People use transit and walking more in the US because transit and walking are much better-supported than biking in every major metro. Protected bike lanes are a rarity even now in supposedly bike-friendly cities; there's probably a thousand times as many miles of sidewalk as there are miles of protected bike lanes. And no, you don't need to have a Dutch geography or climate to have lots of people biking. You just need to have the right support:



http://wintercyclingblog.org/2014/10/17/oulu-finland-winter-cycling-capital-of-the-world/

Except that dollar for dollar, investments in biking result in a much larger share of people biking than investments in transit result in people taking the bus or train. But it doesn't have to be a competition. Granted, I've only been in each city for a few days, but Munich's rail network made Boston's look like babby's first transit project. So it must have, like, zero cyclists, right? Nope, mode share of 17%, the highest of any major city in Germany, more than twice as high as Portland.

Again, my major point here isn't that biking is somehow superior to transit. I'm fine with huge investments into good transit networks. Those are very important. I'll be speaking in favor of a BRT line that's proposed for El Camino in the South Bay once the VTA starts having public hearings on it. My point is that biking serves a very useful role as a flexible & healthy transportation option that's cheap for the government and cheap for the user.

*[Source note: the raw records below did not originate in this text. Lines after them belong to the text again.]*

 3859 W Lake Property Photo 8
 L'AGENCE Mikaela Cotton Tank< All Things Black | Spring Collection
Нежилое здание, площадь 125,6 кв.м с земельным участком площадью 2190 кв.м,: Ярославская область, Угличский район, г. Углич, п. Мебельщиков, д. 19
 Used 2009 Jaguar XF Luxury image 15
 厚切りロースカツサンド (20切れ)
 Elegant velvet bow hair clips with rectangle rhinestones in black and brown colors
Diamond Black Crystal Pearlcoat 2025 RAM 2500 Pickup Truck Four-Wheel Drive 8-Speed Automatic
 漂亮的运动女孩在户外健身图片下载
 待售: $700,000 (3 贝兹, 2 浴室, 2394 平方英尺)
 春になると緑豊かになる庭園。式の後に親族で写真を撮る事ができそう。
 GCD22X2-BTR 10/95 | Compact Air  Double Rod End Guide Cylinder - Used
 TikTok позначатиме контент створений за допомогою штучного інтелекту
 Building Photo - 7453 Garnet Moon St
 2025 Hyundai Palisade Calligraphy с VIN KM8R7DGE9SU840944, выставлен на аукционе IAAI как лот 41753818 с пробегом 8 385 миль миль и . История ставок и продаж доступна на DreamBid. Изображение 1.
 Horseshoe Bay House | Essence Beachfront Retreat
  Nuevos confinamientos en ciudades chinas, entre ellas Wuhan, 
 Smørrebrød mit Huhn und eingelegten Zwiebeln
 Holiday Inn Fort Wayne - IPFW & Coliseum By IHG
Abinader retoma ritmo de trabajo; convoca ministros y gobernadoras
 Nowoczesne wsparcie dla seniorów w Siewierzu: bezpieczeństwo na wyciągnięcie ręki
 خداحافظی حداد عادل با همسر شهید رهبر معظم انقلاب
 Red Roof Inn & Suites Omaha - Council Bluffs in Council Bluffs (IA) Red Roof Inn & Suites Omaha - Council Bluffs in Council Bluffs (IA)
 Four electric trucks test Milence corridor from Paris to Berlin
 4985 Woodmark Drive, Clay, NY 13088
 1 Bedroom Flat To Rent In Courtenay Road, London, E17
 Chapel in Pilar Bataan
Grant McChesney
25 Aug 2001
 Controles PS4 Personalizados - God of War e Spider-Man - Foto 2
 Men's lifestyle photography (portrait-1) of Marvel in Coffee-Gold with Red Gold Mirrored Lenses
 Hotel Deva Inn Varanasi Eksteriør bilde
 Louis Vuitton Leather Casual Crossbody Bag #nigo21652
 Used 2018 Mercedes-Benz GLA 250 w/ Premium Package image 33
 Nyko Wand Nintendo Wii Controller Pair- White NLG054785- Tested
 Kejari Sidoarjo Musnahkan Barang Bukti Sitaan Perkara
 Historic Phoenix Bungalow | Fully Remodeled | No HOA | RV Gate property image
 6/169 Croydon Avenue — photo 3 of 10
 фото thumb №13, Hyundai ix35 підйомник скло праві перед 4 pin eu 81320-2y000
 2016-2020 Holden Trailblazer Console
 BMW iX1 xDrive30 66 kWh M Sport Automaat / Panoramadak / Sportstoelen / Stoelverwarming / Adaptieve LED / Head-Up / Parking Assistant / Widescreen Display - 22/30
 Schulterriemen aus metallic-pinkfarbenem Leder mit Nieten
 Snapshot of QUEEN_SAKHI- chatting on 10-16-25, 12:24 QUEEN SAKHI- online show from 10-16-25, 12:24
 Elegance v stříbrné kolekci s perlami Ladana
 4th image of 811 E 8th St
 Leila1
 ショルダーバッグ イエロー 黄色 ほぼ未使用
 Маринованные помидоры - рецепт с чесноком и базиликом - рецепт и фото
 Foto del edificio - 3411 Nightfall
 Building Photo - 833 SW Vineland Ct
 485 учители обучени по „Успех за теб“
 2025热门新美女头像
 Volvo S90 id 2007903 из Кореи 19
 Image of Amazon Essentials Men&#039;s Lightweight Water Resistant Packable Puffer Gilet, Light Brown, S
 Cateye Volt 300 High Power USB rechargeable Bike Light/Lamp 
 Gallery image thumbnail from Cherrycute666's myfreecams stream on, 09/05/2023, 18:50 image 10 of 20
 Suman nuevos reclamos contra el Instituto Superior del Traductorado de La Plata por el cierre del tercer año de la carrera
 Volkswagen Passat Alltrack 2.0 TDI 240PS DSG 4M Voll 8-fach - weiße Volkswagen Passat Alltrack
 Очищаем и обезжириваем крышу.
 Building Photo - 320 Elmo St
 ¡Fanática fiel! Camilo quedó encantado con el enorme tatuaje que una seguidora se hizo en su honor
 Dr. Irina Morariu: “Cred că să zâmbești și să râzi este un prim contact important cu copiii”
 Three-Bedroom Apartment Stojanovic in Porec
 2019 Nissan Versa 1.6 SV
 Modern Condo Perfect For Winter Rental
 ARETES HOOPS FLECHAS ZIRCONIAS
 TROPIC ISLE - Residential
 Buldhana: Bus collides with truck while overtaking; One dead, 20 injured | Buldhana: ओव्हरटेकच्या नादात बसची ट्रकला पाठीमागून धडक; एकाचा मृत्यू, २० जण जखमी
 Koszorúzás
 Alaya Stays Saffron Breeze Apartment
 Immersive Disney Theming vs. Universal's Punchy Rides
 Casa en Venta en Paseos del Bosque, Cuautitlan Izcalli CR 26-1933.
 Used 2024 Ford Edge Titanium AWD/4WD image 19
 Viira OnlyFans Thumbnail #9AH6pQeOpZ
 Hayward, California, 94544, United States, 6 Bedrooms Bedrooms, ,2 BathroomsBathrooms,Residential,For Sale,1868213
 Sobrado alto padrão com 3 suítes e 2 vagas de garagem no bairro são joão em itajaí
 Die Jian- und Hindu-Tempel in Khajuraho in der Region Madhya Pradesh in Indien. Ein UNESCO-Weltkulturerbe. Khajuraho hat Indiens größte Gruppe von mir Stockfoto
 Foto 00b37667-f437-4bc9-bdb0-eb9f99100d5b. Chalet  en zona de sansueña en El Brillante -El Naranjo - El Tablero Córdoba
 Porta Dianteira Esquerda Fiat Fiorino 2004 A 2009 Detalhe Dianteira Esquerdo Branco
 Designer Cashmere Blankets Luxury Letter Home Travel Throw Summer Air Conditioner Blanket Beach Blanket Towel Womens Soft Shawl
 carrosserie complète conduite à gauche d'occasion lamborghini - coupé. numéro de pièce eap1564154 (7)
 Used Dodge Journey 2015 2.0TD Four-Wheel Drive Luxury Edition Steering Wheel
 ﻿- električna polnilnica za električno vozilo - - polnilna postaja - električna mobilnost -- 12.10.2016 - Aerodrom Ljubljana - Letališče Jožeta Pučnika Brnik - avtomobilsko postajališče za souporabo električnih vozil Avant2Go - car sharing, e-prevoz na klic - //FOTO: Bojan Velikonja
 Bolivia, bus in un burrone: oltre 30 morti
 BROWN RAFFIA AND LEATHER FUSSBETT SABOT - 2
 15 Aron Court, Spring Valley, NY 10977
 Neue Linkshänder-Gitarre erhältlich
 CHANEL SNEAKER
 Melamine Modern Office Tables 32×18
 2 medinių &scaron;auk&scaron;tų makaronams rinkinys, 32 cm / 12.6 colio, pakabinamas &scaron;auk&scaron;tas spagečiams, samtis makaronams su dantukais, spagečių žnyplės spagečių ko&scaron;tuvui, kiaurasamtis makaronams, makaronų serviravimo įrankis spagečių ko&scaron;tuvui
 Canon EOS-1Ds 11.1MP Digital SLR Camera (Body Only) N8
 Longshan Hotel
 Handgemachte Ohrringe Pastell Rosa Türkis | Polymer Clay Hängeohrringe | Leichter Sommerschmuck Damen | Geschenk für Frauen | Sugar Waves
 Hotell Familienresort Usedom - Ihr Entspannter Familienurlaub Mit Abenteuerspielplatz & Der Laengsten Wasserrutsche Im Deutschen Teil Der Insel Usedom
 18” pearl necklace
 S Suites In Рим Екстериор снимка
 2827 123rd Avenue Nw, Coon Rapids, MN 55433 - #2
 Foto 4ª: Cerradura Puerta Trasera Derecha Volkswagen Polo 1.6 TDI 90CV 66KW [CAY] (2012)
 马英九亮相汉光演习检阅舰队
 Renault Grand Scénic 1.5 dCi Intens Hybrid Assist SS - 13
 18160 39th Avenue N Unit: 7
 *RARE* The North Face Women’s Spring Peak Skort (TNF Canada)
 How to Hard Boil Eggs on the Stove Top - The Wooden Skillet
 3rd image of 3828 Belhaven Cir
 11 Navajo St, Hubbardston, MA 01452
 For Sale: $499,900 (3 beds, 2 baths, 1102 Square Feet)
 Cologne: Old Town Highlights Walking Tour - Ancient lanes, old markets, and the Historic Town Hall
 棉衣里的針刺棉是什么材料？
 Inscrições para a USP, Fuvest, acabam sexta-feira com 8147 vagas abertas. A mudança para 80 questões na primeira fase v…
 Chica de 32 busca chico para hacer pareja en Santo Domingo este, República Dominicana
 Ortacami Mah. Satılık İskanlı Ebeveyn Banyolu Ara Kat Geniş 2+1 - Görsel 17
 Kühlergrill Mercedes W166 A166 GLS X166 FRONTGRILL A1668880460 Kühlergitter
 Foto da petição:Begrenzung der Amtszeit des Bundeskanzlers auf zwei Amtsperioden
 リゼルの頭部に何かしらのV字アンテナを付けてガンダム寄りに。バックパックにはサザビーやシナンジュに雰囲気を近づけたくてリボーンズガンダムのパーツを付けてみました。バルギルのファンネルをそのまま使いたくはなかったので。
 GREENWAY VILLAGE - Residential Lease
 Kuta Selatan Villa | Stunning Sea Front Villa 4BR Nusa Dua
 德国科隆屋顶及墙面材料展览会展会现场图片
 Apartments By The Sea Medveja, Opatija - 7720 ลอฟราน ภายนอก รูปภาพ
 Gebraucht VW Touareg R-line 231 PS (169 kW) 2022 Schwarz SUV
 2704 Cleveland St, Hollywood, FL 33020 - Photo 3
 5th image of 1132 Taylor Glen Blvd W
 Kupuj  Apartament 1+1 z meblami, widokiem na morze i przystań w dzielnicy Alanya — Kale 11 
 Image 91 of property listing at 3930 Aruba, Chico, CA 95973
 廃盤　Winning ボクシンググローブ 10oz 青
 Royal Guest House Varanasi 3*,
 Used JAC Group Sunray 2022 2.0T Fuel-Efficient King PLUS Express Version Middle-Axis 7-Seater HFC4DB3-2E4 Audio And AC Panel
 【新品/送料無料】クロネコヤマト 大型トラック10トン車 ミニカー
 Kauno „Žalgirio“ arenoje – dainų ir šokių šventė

Hilly areas are all around many major metros that don't otherwise have other issues that make biking a hassle, like long periods of high heat or deep cold. There are tons of reasons that biking becomes unpleasant, I'm focusing on the hill aspect for Portland because it's the biggest issue, especially for people from the suburbs.

Buddy it's going to be terrible in most cities regardless of anything else, due to the conditions on the ground. You can make the entire city covered with bike lanes and trails but if it's still cold as hell or other such issues for large portions of the year then bike usage quickly becomes a part time thing, and by becoming a part time thing it loses share significantly.

Most typically, your transit system has its gaps in the outlying areas, rather than in the "inbound zone" where people are traveling to. And those outlying areas are typically the suburbs and outer reaches of the city, so working on bike lanes in the core doesn't do much of anything.

But as you should have noticed, people are far more willing to walk a little and then stand or sit on public transit then they are to bike the whole way. It's simply far less effort, and transit+walking being less effort is why 6 years ago the NYC bike modal share was 0.6% (and these days I think it's up to 2%?). People will choose the least effort path.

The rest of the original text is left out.